▸ MATERIAL PROVIDED
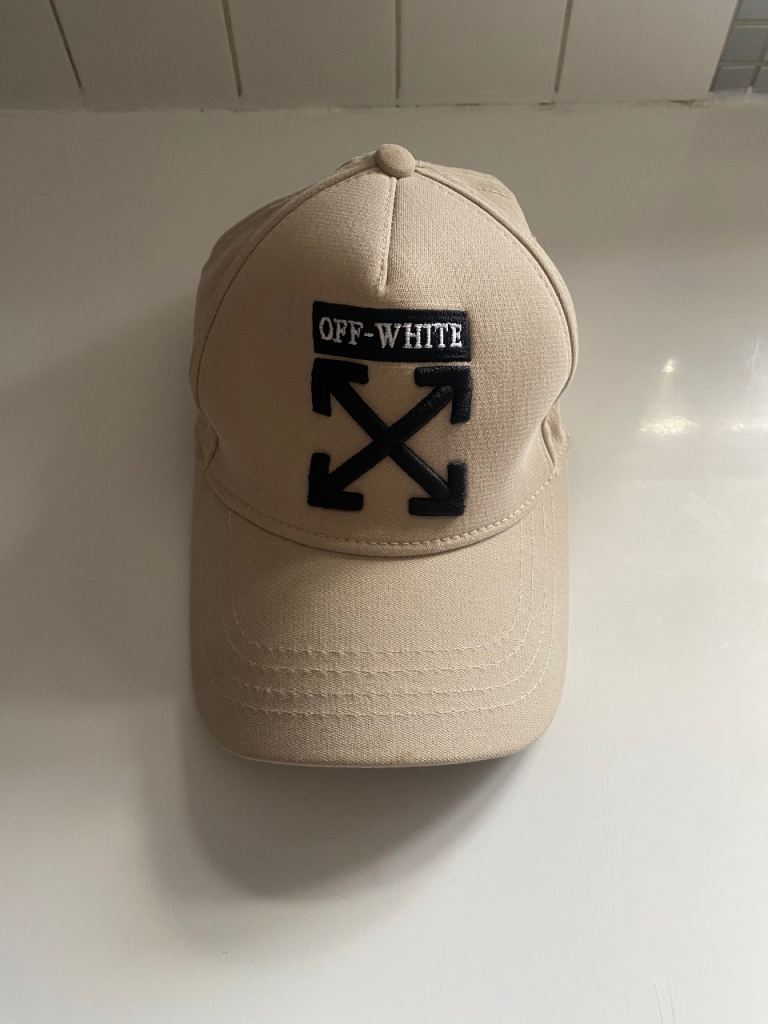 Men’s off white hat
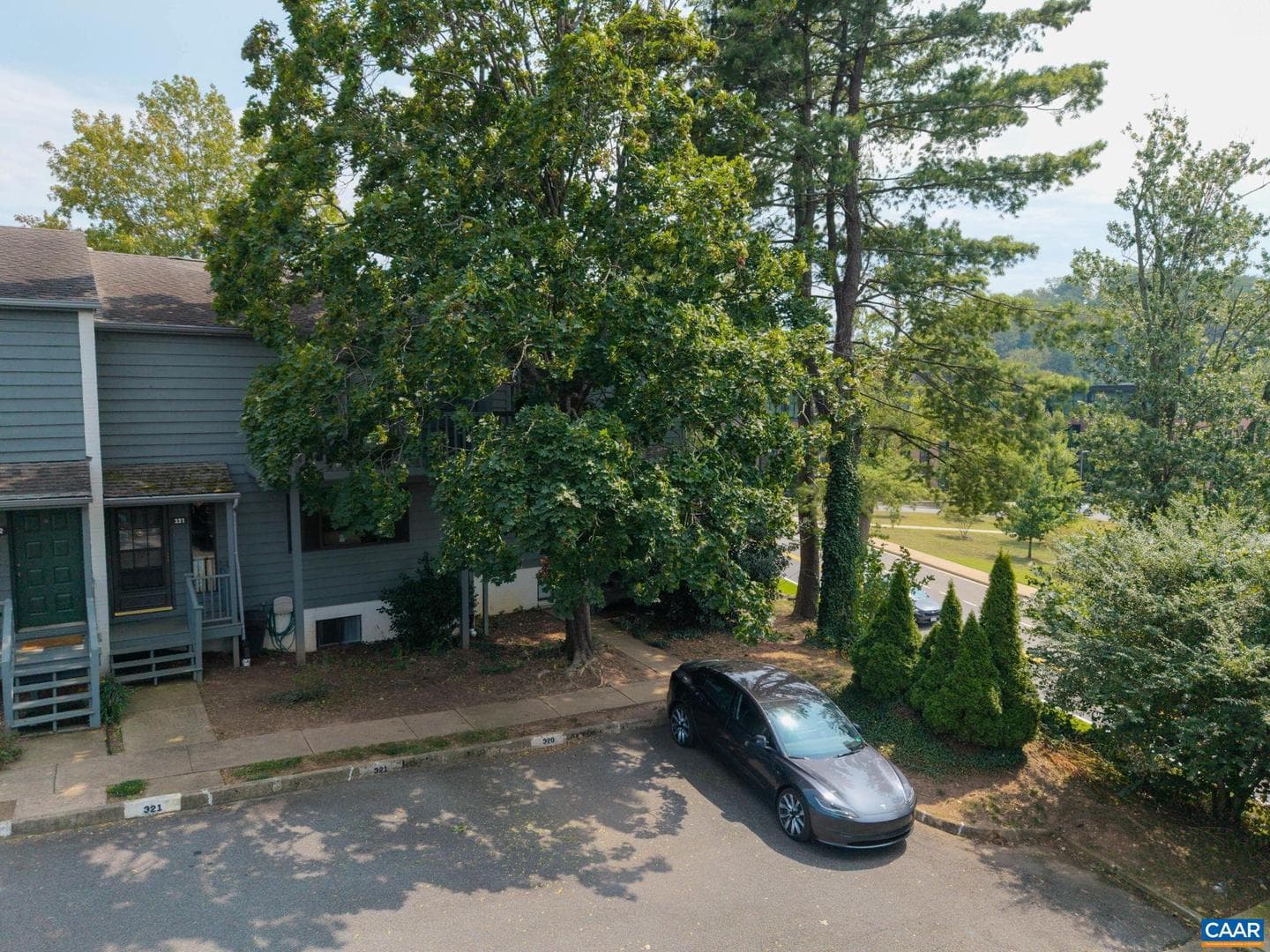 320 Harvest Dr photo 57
* * *
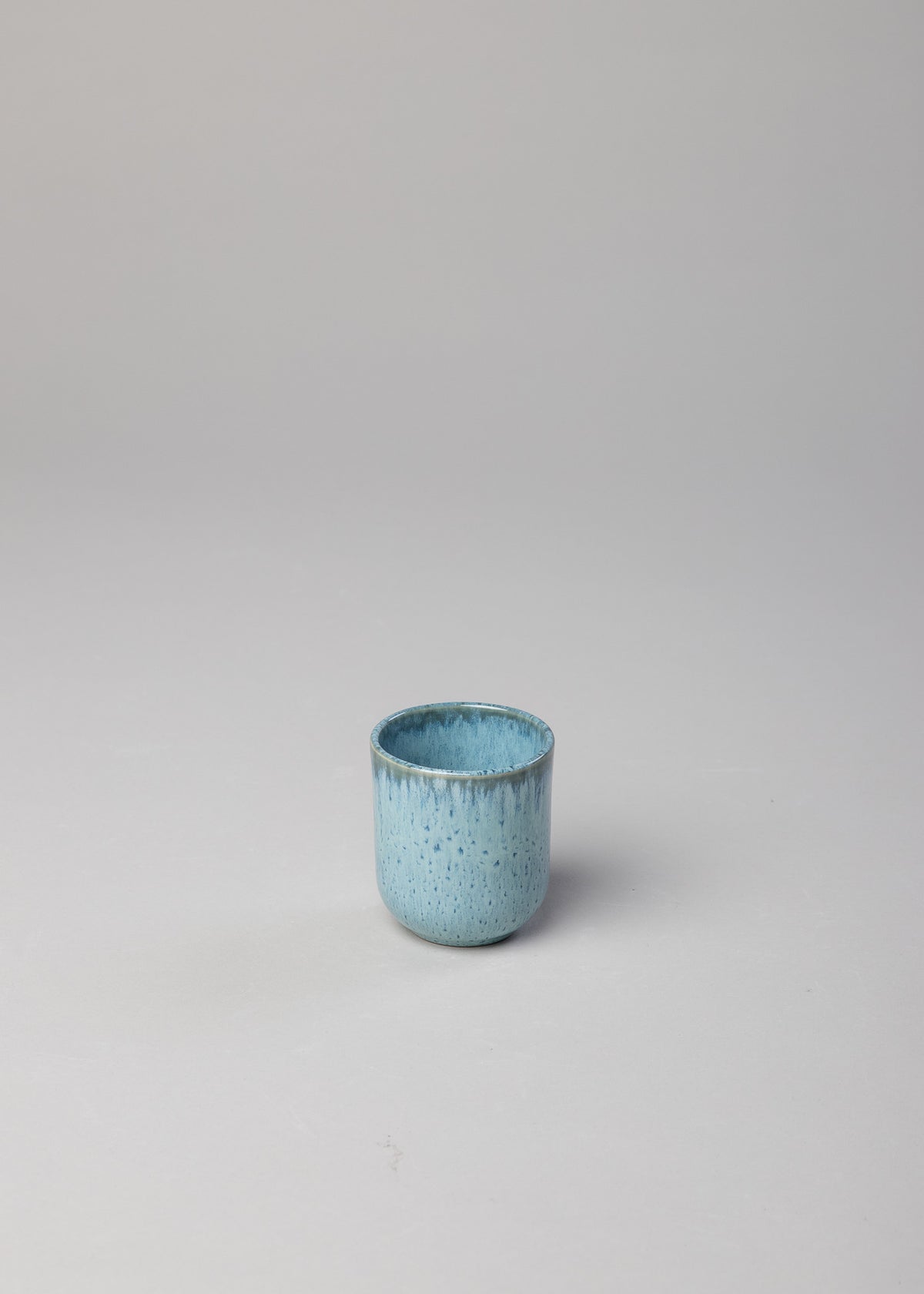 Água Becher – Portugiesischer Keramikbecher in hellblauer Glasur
* * *
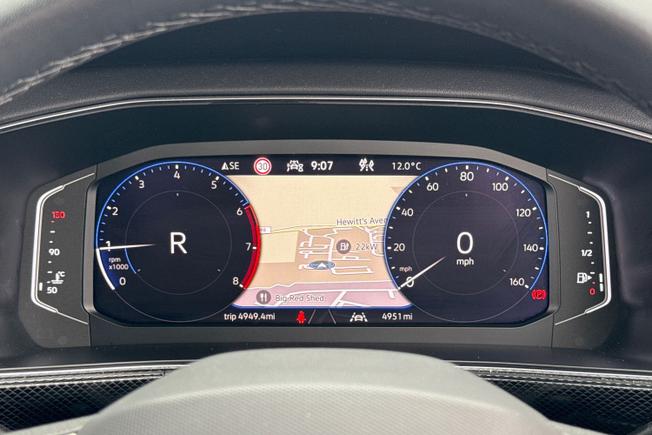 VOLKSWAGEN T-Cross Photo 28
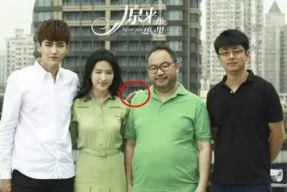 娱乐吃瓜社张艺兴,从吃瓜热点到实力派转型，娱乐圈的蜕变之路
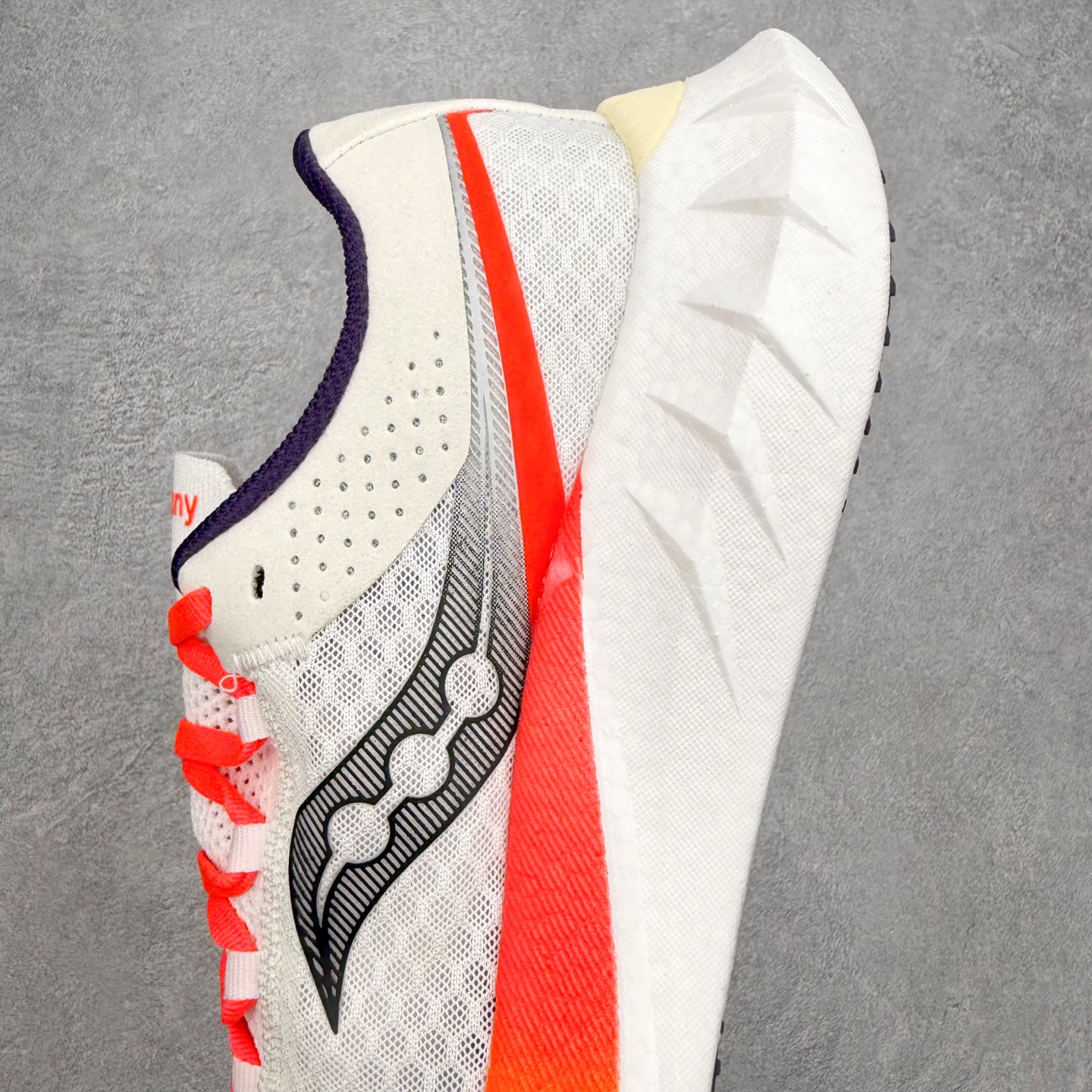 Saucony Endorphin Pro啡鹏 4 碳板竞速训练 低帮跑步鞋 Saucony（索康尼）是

▸ YOUR TASK
Give back exactly, and solely, the section of the data above bounded by the line containing "娱乐吃瓜社张艺兴,从吃瓜热点到实力派转型，娱乐圈的蜕变之路" and the line containing "Saucony Endorphin Pro啡鹏", both bounding lines included and pictures omitted.

▸ SOLUTION BELOW
 娱乐吃瓜社张艺兴,从吃瓜热点到实力派转型，娱乐圈的蜕变之路
 Saucony Endorphin Pro啡鹏 4 碳板竞速训练 低帮跑步鞋 Saucony（索康尼）是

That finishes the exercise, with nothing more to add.